■ Required action
Please start at the first line of the records beneath and quote each line exactly, ending with the line containing "AUDEMARS PIGUET, Quantieme".

■ Material for this task
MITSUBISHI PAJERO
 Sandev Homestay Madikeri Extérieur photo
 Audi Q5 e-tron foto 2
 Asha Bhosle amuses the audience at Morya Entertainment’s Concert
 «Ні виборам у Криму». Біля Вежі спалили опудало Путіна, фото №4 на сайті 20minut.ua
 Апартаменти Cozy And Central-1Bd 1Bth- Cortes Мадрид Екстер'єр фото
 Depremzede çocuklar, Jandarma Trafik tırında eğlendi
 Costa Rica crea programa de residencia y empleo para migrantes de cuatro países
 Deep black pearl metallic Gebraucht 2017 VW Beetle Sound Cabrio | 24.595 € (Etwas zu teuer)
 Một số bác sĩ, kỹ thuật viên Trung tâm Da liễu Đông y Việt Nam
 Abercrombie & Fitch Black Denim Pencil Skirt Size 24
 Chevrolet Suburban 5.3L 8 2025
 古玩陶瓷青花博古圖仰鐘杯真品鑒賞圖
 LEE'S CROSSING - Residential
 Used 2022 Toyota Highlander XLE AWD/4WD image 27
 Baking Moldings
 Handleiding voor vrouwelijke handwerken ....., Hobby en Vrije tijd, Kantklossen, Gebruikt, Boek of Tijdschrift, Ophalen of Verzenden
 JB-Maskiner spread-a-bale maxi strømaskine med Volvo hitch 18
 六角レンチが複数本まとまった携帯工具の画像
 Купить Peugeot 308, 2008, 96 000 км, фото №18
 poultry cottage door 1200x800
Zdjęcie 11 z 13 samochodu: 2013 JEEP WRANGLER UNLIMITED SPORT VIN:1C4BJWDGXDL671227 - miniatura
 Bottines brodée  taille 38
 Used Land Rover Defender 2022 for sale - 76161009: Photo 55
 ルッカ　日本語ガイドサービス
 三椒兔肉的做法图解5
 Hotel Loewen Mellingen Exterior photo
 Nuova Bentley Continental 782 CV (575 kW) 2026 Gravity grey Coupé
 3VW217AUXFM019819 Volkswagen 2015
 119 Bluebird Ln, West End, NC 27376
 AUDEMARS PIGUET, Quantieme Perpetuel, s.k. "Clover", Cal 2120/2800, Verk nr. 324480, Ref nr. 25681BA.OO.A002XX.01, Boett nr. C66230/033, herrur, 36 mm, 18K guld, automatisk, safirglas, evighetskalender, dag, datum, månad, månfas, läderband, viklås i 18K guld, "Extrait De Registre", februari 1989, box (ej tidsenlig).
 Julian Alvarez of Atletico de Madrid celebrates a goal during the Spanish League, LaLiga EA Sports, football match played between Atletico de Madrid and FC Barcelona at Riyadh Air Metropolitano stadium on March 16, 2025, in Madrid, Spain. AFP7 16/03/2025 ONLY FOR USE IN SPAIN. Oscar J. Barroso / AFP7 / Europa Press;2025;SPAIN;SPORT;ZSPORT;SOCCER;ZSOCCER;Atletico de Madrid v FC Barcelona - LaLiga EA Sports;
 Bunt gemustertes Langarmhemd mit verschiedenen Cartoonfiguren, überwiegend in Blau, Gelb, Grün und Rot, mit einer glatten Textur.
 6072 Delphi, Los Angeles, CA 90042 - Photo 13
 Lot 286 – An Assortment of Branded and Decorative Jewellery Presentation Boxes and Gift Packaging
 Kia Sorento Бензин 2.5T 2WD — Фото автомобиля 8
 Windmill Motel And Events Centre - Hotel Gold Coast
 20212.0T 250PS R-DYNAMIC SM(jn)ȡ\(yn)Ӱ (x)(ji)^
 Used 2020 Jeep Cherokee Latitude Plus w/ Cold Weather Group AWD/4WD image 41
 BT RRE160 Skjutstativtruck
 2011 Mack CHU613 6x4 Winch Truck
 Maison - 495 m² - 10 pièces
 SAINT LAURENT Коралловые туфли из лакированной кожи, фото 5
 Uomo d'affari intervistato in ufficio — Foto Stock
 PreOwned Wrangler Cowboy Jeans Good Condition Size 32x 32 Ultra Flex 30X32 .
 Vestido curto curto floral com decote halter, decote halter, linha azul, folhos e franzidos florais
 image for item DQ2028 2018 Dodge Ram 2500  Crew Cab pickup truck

■ Finished exercise
MITSUBISHI PAJERO
 Sandev Homestay Madikeri Extérieur photo
 Audi Q5 e-tron foto 2
 Asha Bhosle amuses the audience at Morya Entertainment’s Concert
 «Ні виборам у Криму». Біля Вежі спалили опудало Путіна, фото №4 на сайті 20minut.ua
 Апартаменти Cozy And Central-1Bd 1Bth- Cortes Мадрид Екстер'єр фото
 Depremzede çocuklar, Jandarma Trafik tırında eğlendi
 Costa Rica crea programa de residencia y empleo para migrantes de cuatro países
 Deep black pearl metallic Gebraucht 2017 VW Beetle Sound Cabrio | 24.595 € (Etwas zu teuer)
 Một số bác sĩ, kỹ thuật viên Trung tâm Da liễu Đông y Việt Nam
 Abercrombie & Fitch Black Denim Pencil Skirt Size 24
 Chevrolet Suburban 5.3L 8 2025
 古玩陶瓷青花博古圖仰鐘杯真品鑒賞圖
 LEE'S CROSSING - Residential
 Used 2022 Toyota Highlander XLE AWD/4WD image 27
 Baking Moldings
 Handleiding voor vrouwelijke handwerken ....., Hobby en Vrije tijd, Kantklossen, Gebruikt, Boek of Tijdschrift, Ophalen of Verzenden
 JB-Maskiner spread-a-bale maxi strømaskine med Volvo hitch 18
 六角レンチが複数本まとまった携帯工具の画像
 Купить Peugeot 308, 2008, 96 000 км, фото №18
 poultry cottage door 1200x800
Zdjęcie 11 z 13 samochodu: 2013 JEEP WRANGLER UNLIMITED SPORT VIN:1C4BJWDGXDL671227 - miniatura
 Bottines brodée  taille 38
 Used Land Rover Defender 2022 for sale - 76161009: Photo 55
 ルッカ　日本語ガイドサービス
 三椒兔肉的做法图解5
 Hotel Loewen Mellingen Exterior photo
 Nuova Bentley Continental 782 CV (575 kW) 2026 Gravity grey Coupé
 3VW217AUXFM019819 Volkswagen 2015
 119 Bluebird Ln, West End, NC 27376
 AUDEMARS PIGUET, Quantieme Perpetuel, s.k. "Clover", Cal 2120/2800, Verk nr. 324480, Ref nr. 25681BA.OO.A002XX.01, Boett nr. C66230/033, herrur, 36 mm, 18K guld, automatisk, safirglas, evighetskalender, dag, datum, månad, månfas, läderband, viklås i 18K guld, "Extrait De Registre", februari 1989, box (ej tidsenlig).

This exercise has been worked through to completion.